En 1931, en el centro de China, los ríos Yangtze, Amarillo y Huai crecieron espectacularmente de resultas de las tormentas de nieve en las montañas de alrededor. Cuando la nieve empezó a derretirse en primavera, además se produjeron diez tormentas inenarrables que también alimentaron los ríos.

Finalmente, el poder del H2O ahogó o mató de hambre a 4 millones de personas. La capital de China, por aquel entonces Nanjing, devino en una isla rodeada de un área de agua equivalente a Portugal.

Olas

Lituya Bay Overview

También el agua puede adquirir hechuras de coloso, como el megatsunami que tuvo lugar el 9 julio de 1958 en Lituya Bay, Alaska, cuando un violento terremoto sacudió noventa millones de toneladas de roca y hielo de los glaciares, que cayeron a plomo en la bahía.

Entonces se generó la ola más alta jamás registrada en la Tierra: 1.720 pies. Esto es 470 pies más que la punta de la antena del Empire State Building. Según los cálculos, la ola debía viajar a unos 600 kilómetros por hora. Afortunadamente, apenas hubo víctimas.

Más mortífero

800px 2004 Tsunami

Pero si buscamos el maremoto más mortífero de la historia, entonces hemos de viajar al llamado Boxing Day, el 26 de septiembre de 2004. Un poderoso terremoto submarino en el océano Índico, con epicentro a unos 160 kilómetros de Sumatra, alcanzó 9,3 grados, el segundo más violento jamás registrado.

La magnitud del terremoto fue registrada originalmente como de 9,0 en la escala de Magnitud de Momento, pero luego se ha aumentado a 9,1. Con esta magnitud, es el tercer terremoto más grande registrado desde la existencia del sismógrafo (aproximadamente en 1875)

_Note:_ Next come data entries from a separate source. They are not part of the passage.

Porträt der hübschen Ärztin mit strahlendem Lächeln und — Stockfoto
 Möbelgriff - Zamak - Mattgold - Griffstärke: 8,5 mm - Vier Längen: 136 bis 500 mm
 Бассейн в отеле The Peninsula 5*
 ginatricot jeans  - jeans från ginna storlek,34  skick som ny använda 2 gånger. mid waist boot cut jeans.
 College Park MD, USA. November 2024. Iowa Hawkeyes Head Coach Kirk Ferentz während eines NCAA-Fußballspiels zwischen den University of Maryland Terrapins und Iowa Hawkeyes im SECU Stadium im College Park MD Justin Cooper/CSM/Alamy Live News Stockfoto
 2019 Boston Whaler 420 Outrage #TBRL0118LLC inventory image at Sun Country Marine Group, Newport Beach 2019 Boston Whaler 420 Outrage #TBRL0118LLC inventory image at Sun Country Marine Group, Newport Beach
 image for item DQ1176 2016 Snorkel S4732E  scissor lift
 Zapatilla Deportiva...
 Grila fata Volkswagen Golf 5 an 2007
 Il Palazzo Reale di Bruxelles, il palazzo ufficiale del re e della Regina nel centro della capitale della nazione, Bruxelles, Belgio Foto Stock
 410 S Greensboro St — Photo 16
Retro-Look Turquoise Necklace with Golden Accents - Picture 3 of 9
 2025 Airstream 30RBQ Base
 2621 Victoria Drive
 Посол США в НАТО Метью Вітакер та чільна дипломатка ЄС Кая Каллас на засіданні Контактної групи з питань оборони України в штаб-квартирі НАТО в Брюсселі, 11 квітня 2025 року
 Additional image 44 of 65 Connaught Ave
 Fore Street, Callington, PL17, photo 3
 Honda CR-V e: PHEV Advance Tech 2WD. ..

Lo peor, sin embargo, fue la duración: casi diez minutos. La cifra final de muertos se desconoce aún, pero puede que llegara a los 300.000. Además del gran número de nativos, también se cuentan víctimas entre los turistas que pasaban allí las fiestas de la víspera de Navidad. Podéis ver una recreación brutal de los efectos en la película Lo imposible.